E così eventi e personaggi, smagriti, tisici, tristi, sopiti e stranamente anche inchiavettati nella loro magrezza come personaggi dell’inferno di Bruegel, nell’andare ampio del suo camminare dal grande fico sotto cui aveva battuto ore e ore il cuoio per ammorbidirlo e renderlo lucente e desideroso di viaggi ai piedi dei suoi compaesani, i viaggi più lunghi e meravigliosi, si animavano, si aprivano le borchie arrugginite della mente e della dimenticanza polverosa dove abitavano, e accesi dalla sua risata che aveva mille modulazioni, come la sua mente e il suo incedere, un esercizio musicale di potente orchestrazione, essi, eventi e personaggi uscivano smagriti dai loro peccati e acquistavano carne, pelle, forza, vigoria, brillantezza e il mastro ciabattino a dominarli con maestria nei loro andirivieni e nell’urgenza di farsi conoscere e a coordinarli, funzionalmente tra storia e microstoria così che il tentativo di costruire da parte di un terrorista locale una bomba senza una conoscenza degli attrezzi e intelligenza esecutiva nonché motivazione storica era lo scoppiargli tra le mani bruciandogli dita e volto: diventava l’esempio di chi in guerra, non conoscendo nemici e la loro posizione, sparava e non distruggeva l’avversario ma solo i bicchieri del vino in cantina in cui anime sciagurate vivevano piaceri volgari, debosciati e a casa fottendo solo per fare una nidiata di figli come conigli e senza un progetto di vita che ne sapesse organizzare tempi, modalità e futuro.

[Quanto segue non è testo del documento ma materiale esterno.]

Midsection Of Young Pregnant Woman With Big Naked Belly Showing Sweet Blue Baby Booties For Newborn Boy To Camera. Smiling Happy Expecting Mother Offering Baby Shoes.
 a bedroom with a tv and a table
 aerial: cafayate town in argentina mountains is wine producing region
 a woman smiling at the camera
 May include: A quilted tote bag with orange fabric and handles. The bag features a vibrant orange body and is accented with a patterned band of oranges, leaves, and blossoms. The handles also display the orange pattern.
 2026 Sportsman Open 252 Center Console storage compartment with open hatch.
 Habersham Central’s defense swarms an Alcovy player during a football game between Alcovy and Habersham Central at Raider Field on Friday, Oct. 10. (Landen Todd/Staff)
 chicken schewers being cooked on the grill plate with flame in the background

E nel tragitto da casa sua fino ad arrivare in piazza, la storia, dai Romani, da Orazio Coclite che si butta nel Tevere, taglia il ponte per sconfiggere i nemici fino a Moro che piange come na guagninella a chiedere l’intervento dello stato per essere liberato dalle brigate rosse, diversamente dalla fermezza di carattere di Gramsci, u bresce, l’albanese, con tanta gnognere, intelligenza in testa che non si piega a Mussolini, si animava come gemme, frutti succosi da cui trarre sapore e energia o, al contrario, diventare per nostra insipienza, marci e annacquati, che finanche i porci rifiutavano.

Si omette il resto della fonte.